Will Guppies Eat Killifish?
You do not have to worry about your guppies eating killifish since they are very unlikely to do so. In normal situations, guppies will attack only smaller fish species, but killifish are larger or of similar size to guppies. While guppies aren’t predators, they’ll eat fry killifish. During their first week of life, the fries are quite small and pretty defenseless.
Guppies normally don’t show predatory behavior towards other fish species, and this is mainly due to the fact that they are omnivorous. They have no interest in other fish species; they just care about having enough food throughout the day.
Video About Guppies and Killifish
Do killifish eat other fish?
If the fish are small enough, Killifish will readily eat their tank mates. Tetras, Guppies, and nano Killies are small and easily become prey for the Killifish. However, any fish over the length of two inches will be safe from the Killifish.
How many killifish can you keep together?
If you are setting up species tanks, a 5 to 10 gallon tank can house one to three killifish. But for community setups or if you intend to keep more than one male Killifish, a 20-gallon or larger aquarium is recommended.
Are killifish aggressive?
It is usually reported that killifish are peaceful and passive pets, but depending on their environment, they can become aggressive and territorial. The most common type of aggressive behavior among male killifish is for them to act aggressively when they are in close proximity to other male killifish.
Can killifish live with other fish?
The answer is “yes,” but barely. Some killifish species are more aggressive than others, which makes it difficult for them to live peacefully with other species. When choosing tank mates for Killifish, you should choose a more peaceful species that show less aggression and territorial behavior than Killifish.
Killifish and Guppies are both beautiful fish, but they are not compatible living with each other as they differ in diets, size, temperaments, and tank requirements.
If you insist on mixing these two species, there are several precautionary measures that you have to take.
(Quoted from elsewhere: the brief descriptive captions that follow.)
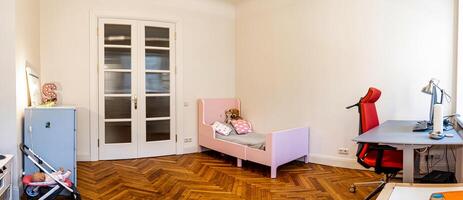 Riga, Latvia, 2024 - Minimalist Room with Pink Bed and Modern Desk Setup photo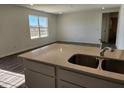 Kitchen featuring stainless steel sink, modern countertops, and an adjacent dining area at 3211 W Keepsake Ln, Monrovia, IN 46157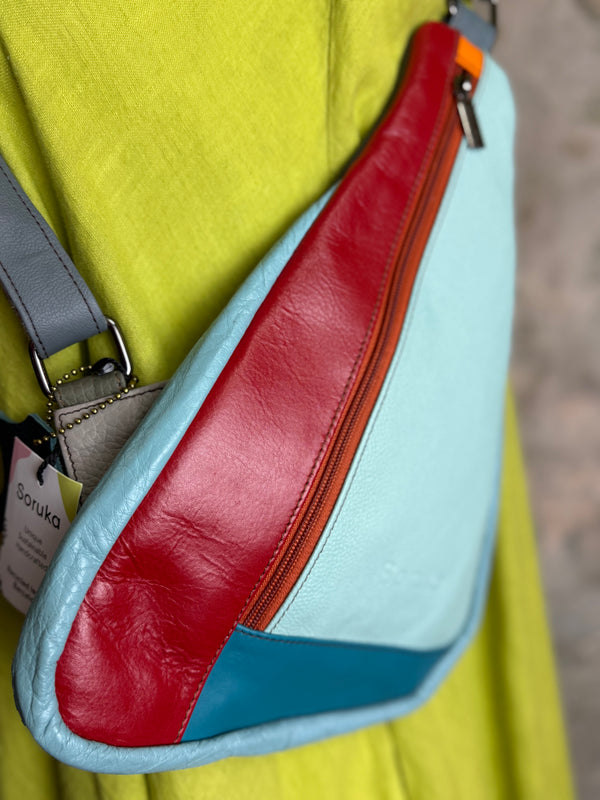 Soruka multicolor leather sling crossbody bag in light blue, red, and teal with orange zipper detail - 7
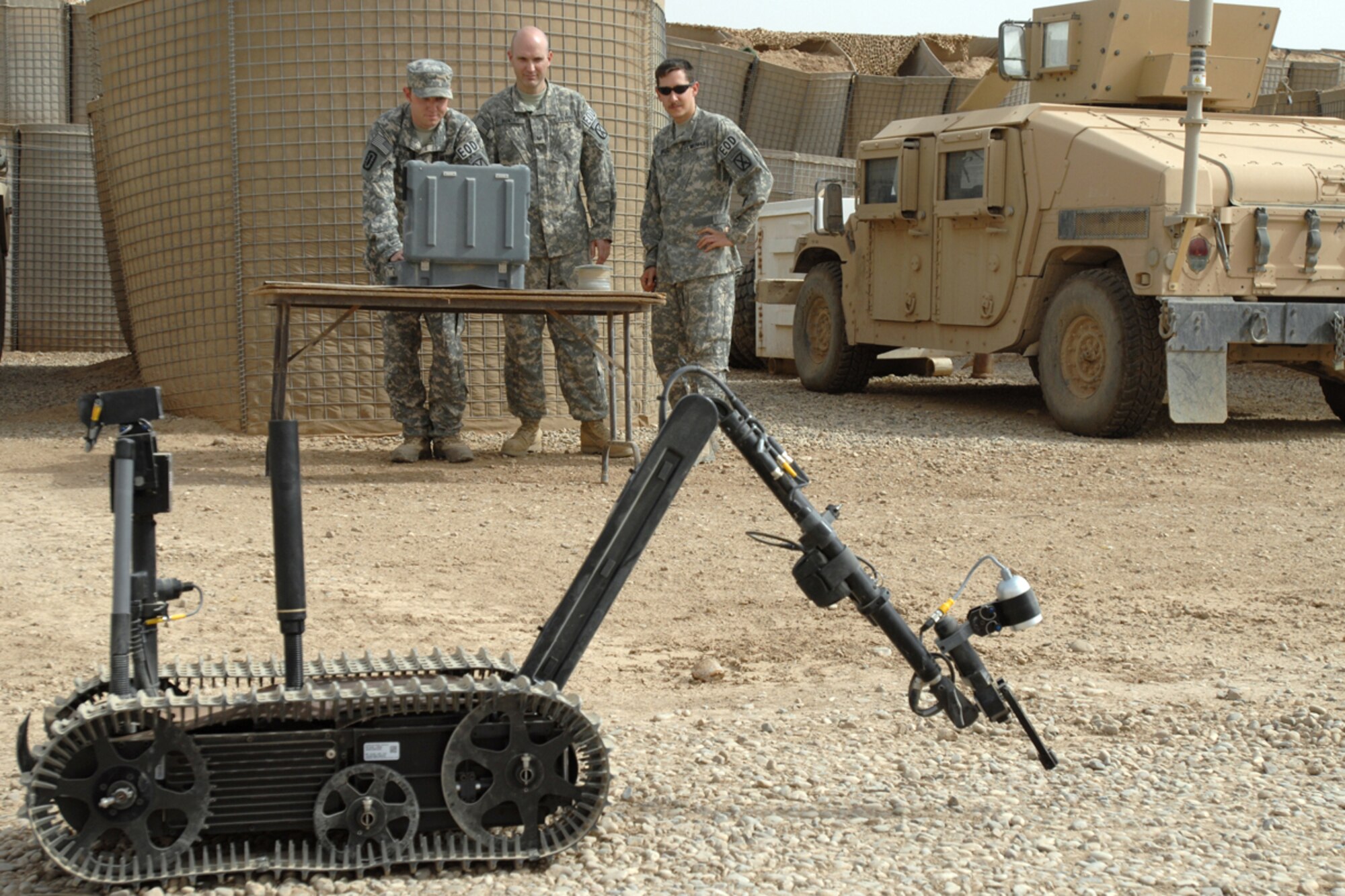 KIRKUK REGIONAL AIR BASE, Iraq – 506th Air Expeditionary Group Explosive Ordnance Disposal flight members Senior Airman Aaron Skelton, Tech. Sgt. Stephen Ray Hunter Jr. and Senior Airman Joshua Brum, run a function check on a TALON robot Sept 14. The teams use the robot to recon and disable roadside bombs. Six Kirkuk RAB EOD Airmen are forward deployed to FOB McHenry where they are embedded with soldiers of the Army’s 10th Mountain Division. (U.S. Air Force photo/Tech. Sgt. Jeff Walston)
By doing so, you can reduce the likelihood of territorial displays and aggression in the long run.
Annette M. Chaney is an experienced marine biologist with over 20 years of experience as an aquarist and fishkeeper. She started her first aquarium at a young age, filling it with frogs and goldfish obtained from the ten-cent pet store.
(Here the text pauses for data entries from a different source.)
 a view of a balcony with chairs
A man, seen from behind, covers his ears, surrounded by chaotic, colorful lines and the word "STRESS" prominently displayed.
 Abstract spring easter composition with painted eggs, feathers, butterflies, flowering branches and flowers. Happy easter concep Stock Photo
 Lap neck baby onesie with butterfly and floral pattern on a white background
Annette grew up caring for and breeding African Cichlids, which led to a hobby in high school that doubled as a profitable means. Attending Reed College gave her time to solidify herself as an accomplished aquarium caretaker with an eye for sales. After that, from 2009 – 2013, she studied at Roger Williams University – one of the most prestigious universities for Aquaculture and Aquarium in USA. She is the founder of AquariumCircle since 2010.